PI: Kari North, Ph.D., University of North Carolina, Chapel Hill



CALiCo Consortium:

Genetic Epidemiology of Causal Variants Across the Life Course Phase II (CALiCo II) is a consortium of population based studies that have entered a partnership to provide optimal opportunities to investigate the association of genetic variants associated with complex diseases in ancestrally diverse populations. The first phase of CALiCo, CALiCo I, assessed the importance of common variants in diverse U.S. populations, public health-relevant contexts, and epochs in the natural history of chronic disease.

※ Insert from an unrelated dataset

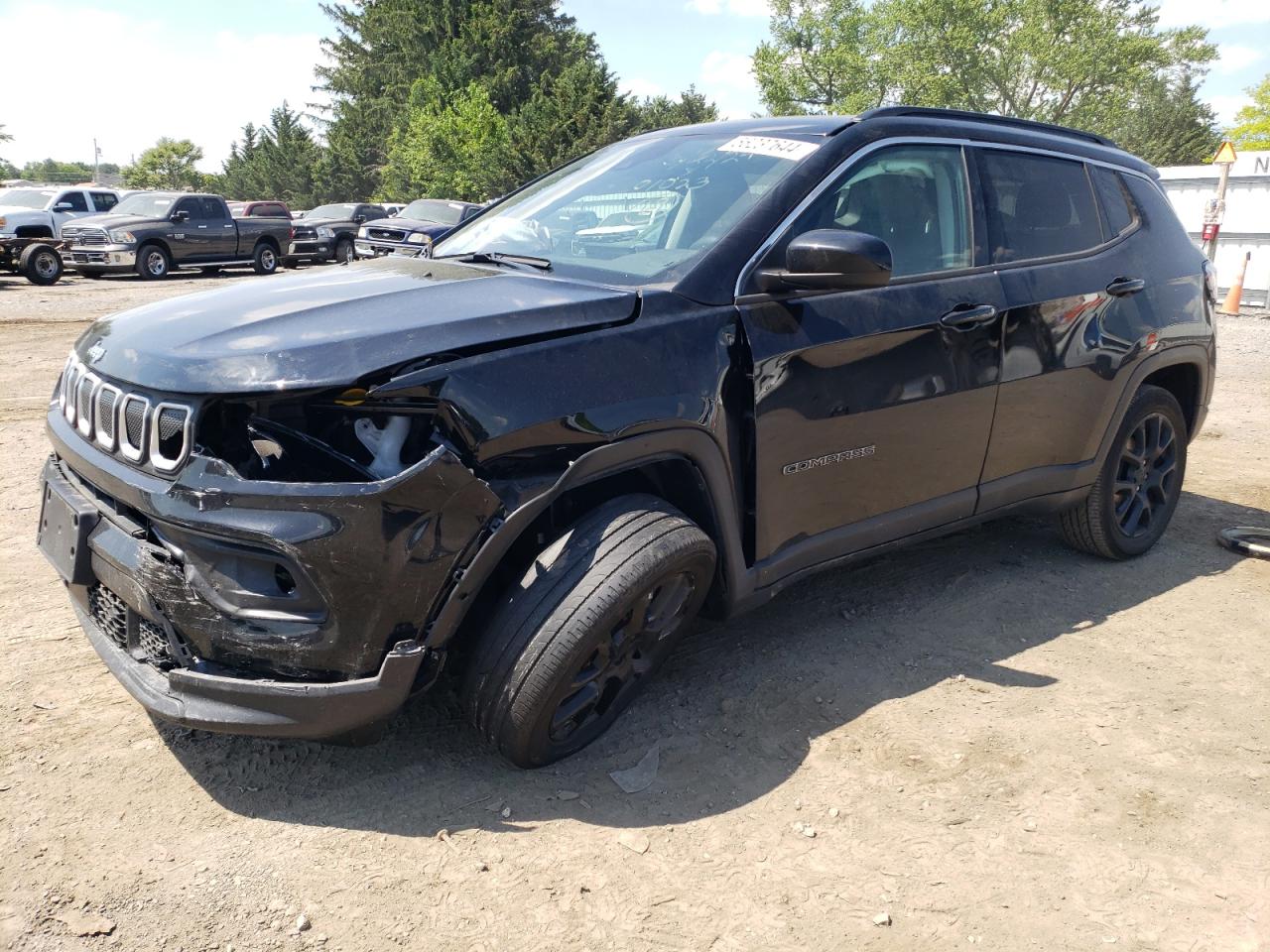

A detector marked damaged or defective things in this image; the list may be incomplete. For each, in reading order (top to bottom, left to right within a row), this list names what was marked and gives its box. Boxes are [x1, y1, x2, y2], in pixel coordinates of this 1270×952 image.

crumpled hood [73, 255, 640, 393]
damaged front bumper [40, 401, 497, 736]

CALiCo II will expand on these studies to assess low frequency [1-5% minor allele frequency (MAF)] and rare (0.1-1% MAF) coding and/or potentially functional genomic variants. The consortium comprises the Atherosclerosis Risk in Communities (ARIC) Study, the Coronary Artery Risk Development in Young Adults (CARDIA) Study, the Hispanic Community Health Study (HCHS/SOL), the Strong Heart Study (SHS) and the Strong Heart Family Study (SHFS); and a Central Genotyping Core Laboratory located at the Human Genetics Center, University of Texas Health Sciences Center at Houston.

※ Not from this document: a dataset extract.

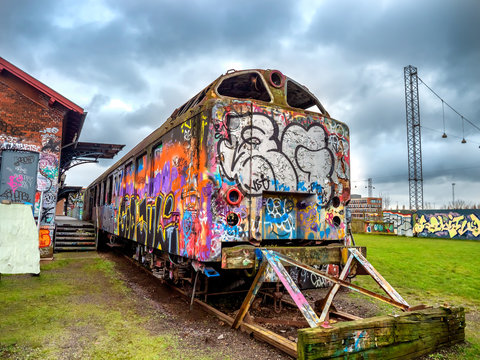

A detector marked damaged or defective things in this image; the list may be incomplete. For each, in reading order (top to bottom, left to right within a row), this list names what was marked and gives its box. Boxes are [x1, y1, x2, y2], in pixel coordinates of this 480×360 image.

broken window [217, 72, 270, 102]
broken window [286, 79, 324, 113]
rusty locomotive [84, 69, 350, 284]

These population-based studies have considerable breadth of phenotype characterization and population sizes to permit informative assessments of a wide range of variants, traits and public health contexts, with power sufficient to identify associations and interactions. This consortium brings several of the most informative studies extant and its core genotyping laboratory to a collaboration with other studies funded by this RFA, contributing well characterized cohorts under long term follow up, which include three main ethnic and racial groups in the U.S. (African Americans, Hispanics/Latinos, American Indians), and the ability to extend the characterization of genes and their associated traits and illnesses across the life course. In collaboration with Population Architecture Using Genomics in Epidemiology (PAGE) studies, CALiCo II will explore the associations of genetic variation with a broad range of phenotypes, including conditions that disproportionately burdens U.S. ethnic and racial minorities.